[Entries supplied]
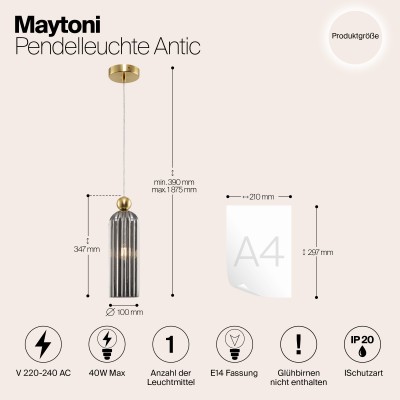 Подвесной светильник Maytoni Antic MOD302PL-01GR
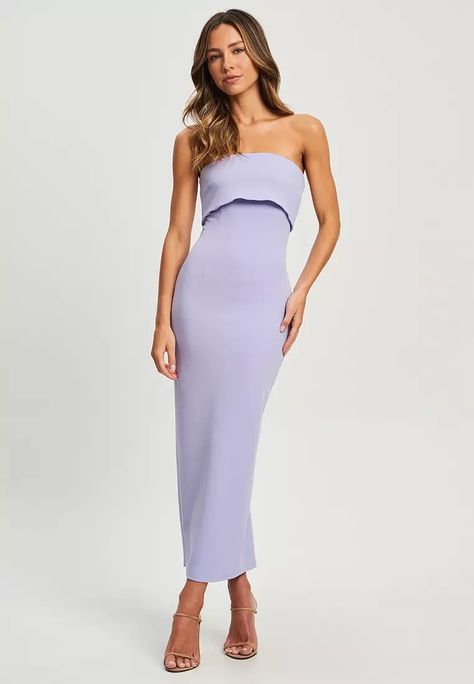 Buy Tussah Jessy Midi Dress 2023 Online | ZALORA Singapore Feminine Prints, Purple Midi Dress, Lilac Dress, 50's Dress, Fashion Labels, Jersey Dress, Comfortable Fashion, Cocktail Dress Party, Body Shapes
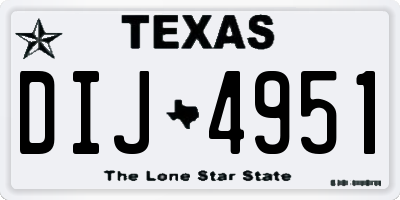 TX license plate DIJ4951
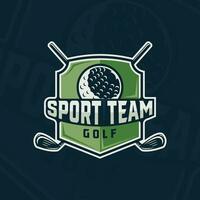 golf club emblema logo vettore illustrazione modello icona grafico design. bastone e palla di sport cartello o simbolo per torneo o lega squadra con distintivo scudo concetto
---
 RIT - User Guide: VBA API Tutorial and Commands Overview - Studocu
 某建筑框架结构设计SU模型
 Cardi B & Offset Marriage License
...
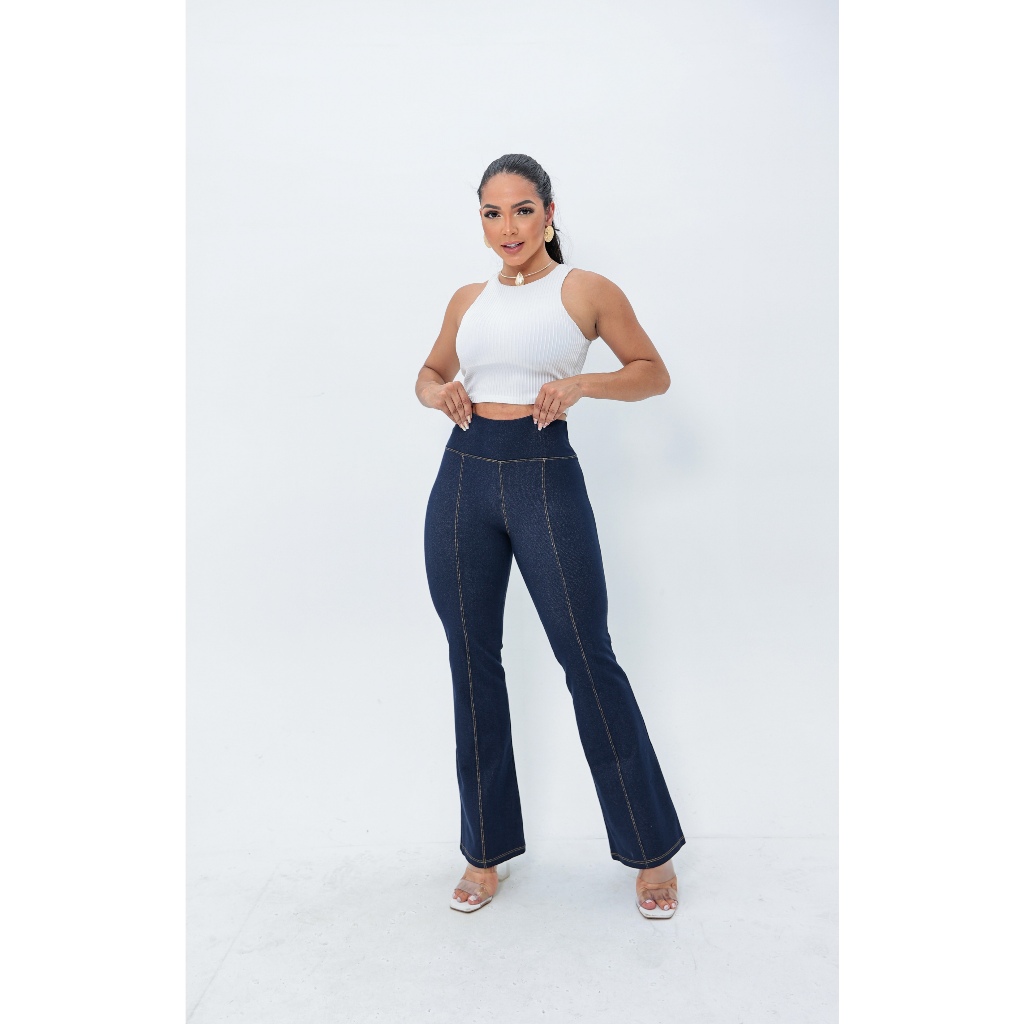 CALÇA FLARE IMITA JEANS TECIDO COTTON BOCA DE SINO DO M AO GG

[What the task requires]
In the entries above, the lines between the one holding "RIT - User Guide: VBA" and the one holding "Cardi B & Offset Marriage License", inclusive, are to be printed exactly as written, and those alone.

[The completed task]
 RIT - User Guide: VBA API Tutorial and Commands Overview - Studocu
 某建筑框架结构设计SU模型
 Cardi B & Offset Marriage License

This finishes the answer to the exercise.